▸ **WORK TASK**: Instruction for the entries below: return the part that opens with the line containing "Barošanas bloks Thermaltake" and closes with the line containing "Фото 5 - Honda CR-V", exactly, and no pictures.

▸ **AVAILABLE RECORDS**:
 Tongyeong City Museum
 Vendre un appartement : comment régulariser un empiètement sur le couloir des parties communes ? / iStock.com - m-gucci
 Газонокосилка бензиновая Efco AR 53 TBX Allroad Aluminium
--
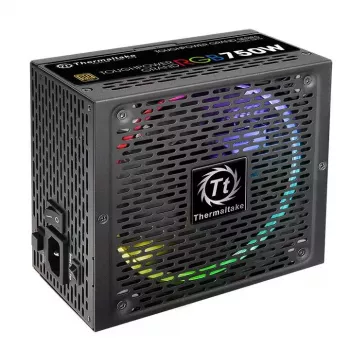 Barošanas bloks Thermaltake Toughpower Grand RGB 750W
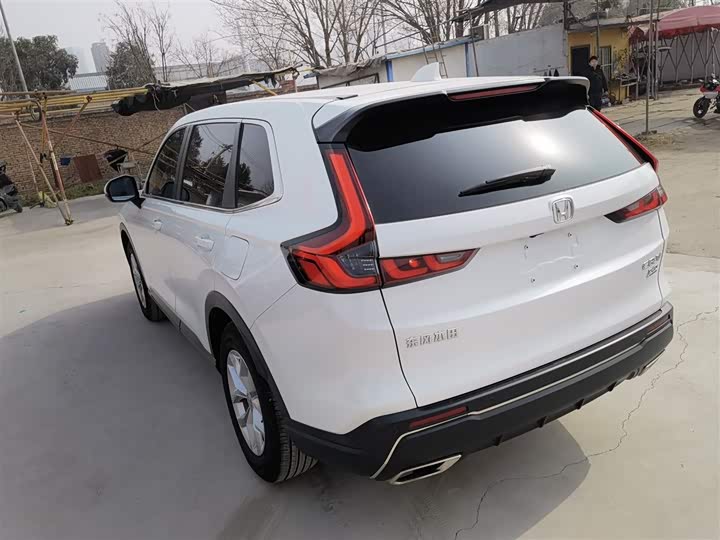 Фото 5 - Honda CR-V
--
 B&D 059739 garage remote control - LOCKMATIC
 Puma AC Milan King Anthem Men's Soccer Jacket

▸ **TASK RESULT**:
 Barošanas bloks Thermaltake Toughpower Grand RGB 750W
 Фото 5 - Honda CR-V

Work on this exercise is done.